Die GEMA vertritt die Rechte von Urhebern. Derzeit läuft eine Klage gegen Suno. Demnach soll das KI-Unternehmen geschützte Aufnahmen weltbekannter Songs aus dem Repertoire der GEMA in dem Tool verarbeitet haben. Kai Welp zufolge will man deshalb zumindest “kompensieren”, was am Markt durch den Einsatz von KI-Musik verloren gehe. Das Geld solle nicht von den Kreativen “in die Taschen der großen Tech-Unternehmen wandern, sondern im Kreativmarkt verbleiben”.
Erstes Gerichtsurteil: ChatGPT verletzt Urheberrecht
Ein Verfahren gegen OpenAI hat die GEMA schon gewonnen. Das KI-Unternehmen verletze mit Training und Betrieb von ChatGPT geltendes Urheberrecht, so das Münchner Landgericht. Das Urteil sei aber nur ein erster Schritt. Am Ende gehe es darum, sich auf ein Modell zu einigen, wie eine Vergütung aussehen könnte, sagt GEMA-Justiziar Welp. Eine Umsatzbeteiligung stehe dem eigentlichen Urheber auch bei KI-generierter Musik zu.
Um ein solches Vergütungssystem durchzusetzen, fehle im Moment aber “die notwendige Transparenz“, sagt Welp. Derzeit könne man nicht feststellen, “mit welchen Werken die Systeme tatsächlich trainiert worden sind”. Bislang ließen sich KI-Unternehmen nicht in die Karten schauen.

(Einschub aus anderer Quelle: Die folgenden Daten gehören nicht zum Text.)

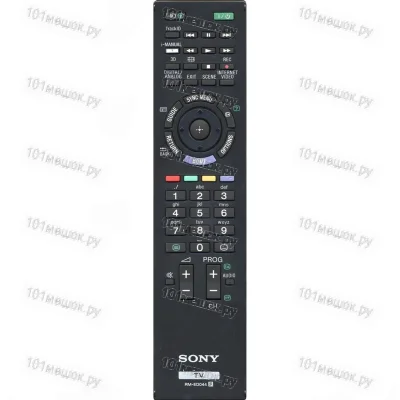 Пульт Sony RM-ED044 (оригинальный)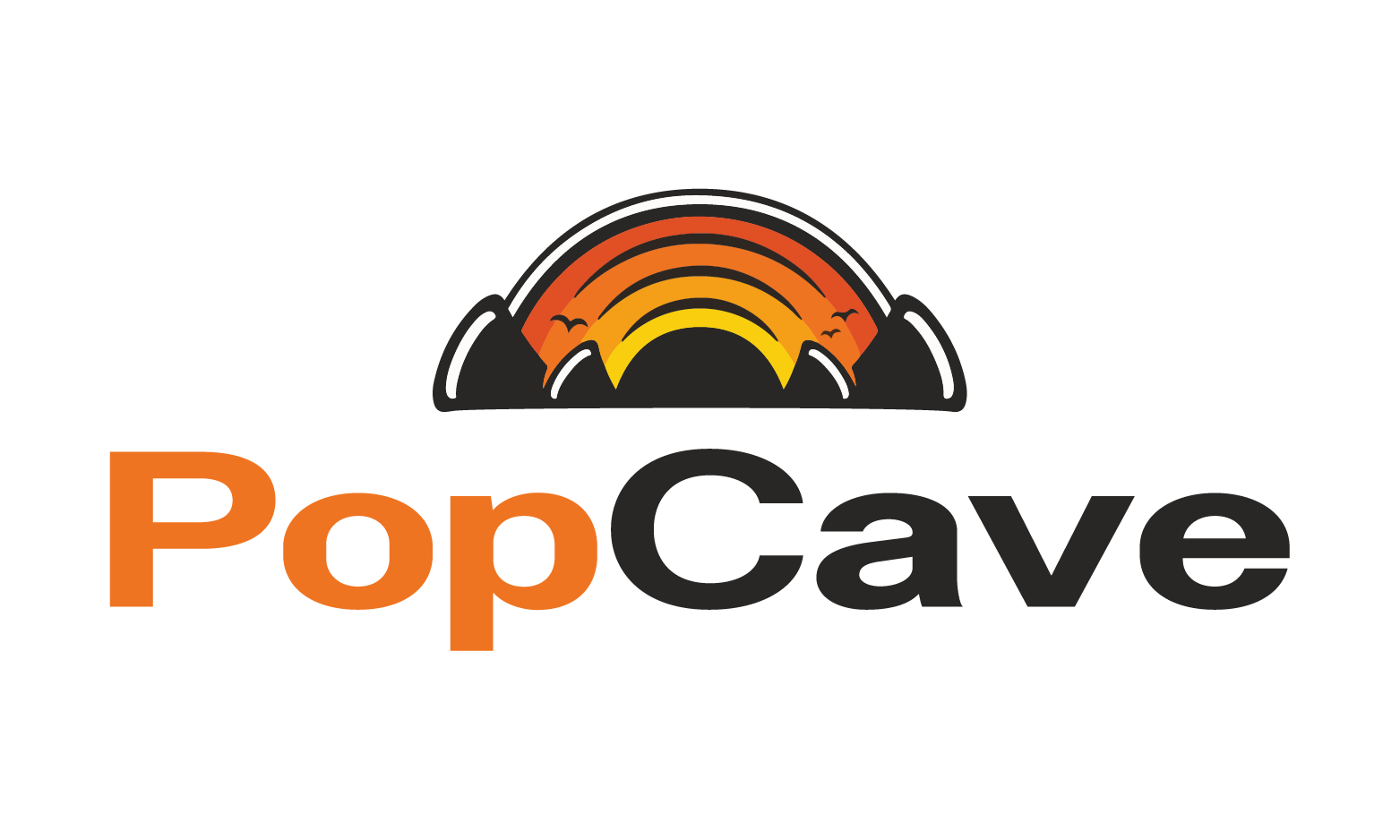 PopCave.com - Good domains for sale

Dies sei aber notwendig, “damit man überhaupt Ansprüche auf Vergütung geltend machen kann”.
Eine weitere Frage stellt sich der Musiker Ludwig Wright: Ob die Gesellschaft wirklich ausgerechnet jene Bereiche durch KI ersetzen wolle, die eigentlich “sehr vielen Menschen Spaß machen” und “positiv zur Qualität des Lebens beitragen”? Kunst zu machen sei ganz allgemein etwas Positives. “Wir sollten Tätigkeiten ersetzen, auf die wir eigentlich keine Lust haben.”